1. The problem statement, all variables and given/known data

On an essentially frictionless horizontal ice-skating rink, a skater moving at 3.00 m/s encounters a rough patch that reduces her speed by 45.0 % to a friction force that is 25.0 % of her weight.

Use the work-energy principle to find the length of the rough patch.

2. Relevant equations
KE initial + Potential Energy Initial + Work= KE Final + PE Final

3. The attempt at a solution

0.5 MV^2 + mgj + mgd = 0.5 mv^2 + mgh mass will cancel out so and h is 0

0.5 v^2 + 0.25 gd= 0.5v^2

0.5 (3^2) + 0.25 * 9.8 d= 0.5 (3^2) *.45

4.5+2.45d=2.025
d=1.01 m

i guess i do not know what im doing wrong in this problem besides the reducing the final velocity.

thanks for the help!

2. Oct 30, 2008

### Rake-MC

You have your work on the wrong side of the equation.
Look at it like this: initially there's no friction so there's no work being done by the surface.
Finally there is friction, so there is work being done. Therefore:

$$\frac{1}{2}mv^2 = \frac{1}{2}m(0.55v)^2 + 0.25mgd$$

3. Oct 30, 2008

### alphysicist

Hi Rake-MC,

I have to disagree with your reasoning that the work is on the wrong side of the equation (although I agree that your equation is mathematically correct). An important fact is that the work being done by friction is negative. When we consider the work done by friction in the energy formula (as opposed to the thermal energy created by friction), the correct formula is:

Wnc = Ef-Ei

Or am I just misunderstanding your post?

Tater08,

In addition to the sign error that rake-mc pointed out, when you get to these two lines in your solution:

0.5 v^2 + 0.25 gd= 0.5v^2

0.5 (3^2) + 0.25 * 9.8 d= 0.5 (3^2) *.45

you have made two errors in the second line. First they say the speed drops by 45% (not that the speed drops to 45% of what it was).

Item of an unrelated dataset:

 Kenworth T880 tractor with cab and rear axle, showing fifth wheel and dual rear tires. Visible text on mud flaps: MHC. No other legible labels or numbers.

Second, the entire final velocity needs to be squared.

4. Oct 30, 2008

### Rake-MC

Perhaps I am misunderstanding you alphysicist, but are you saying that correctly, it should be written:

$$\frac{1}{2}mv^2 - 0.25mgd = \frac{1}{2}m(0.55v)^2$$? I can see how that would work, from the work being negative. Thanks for pointing that out.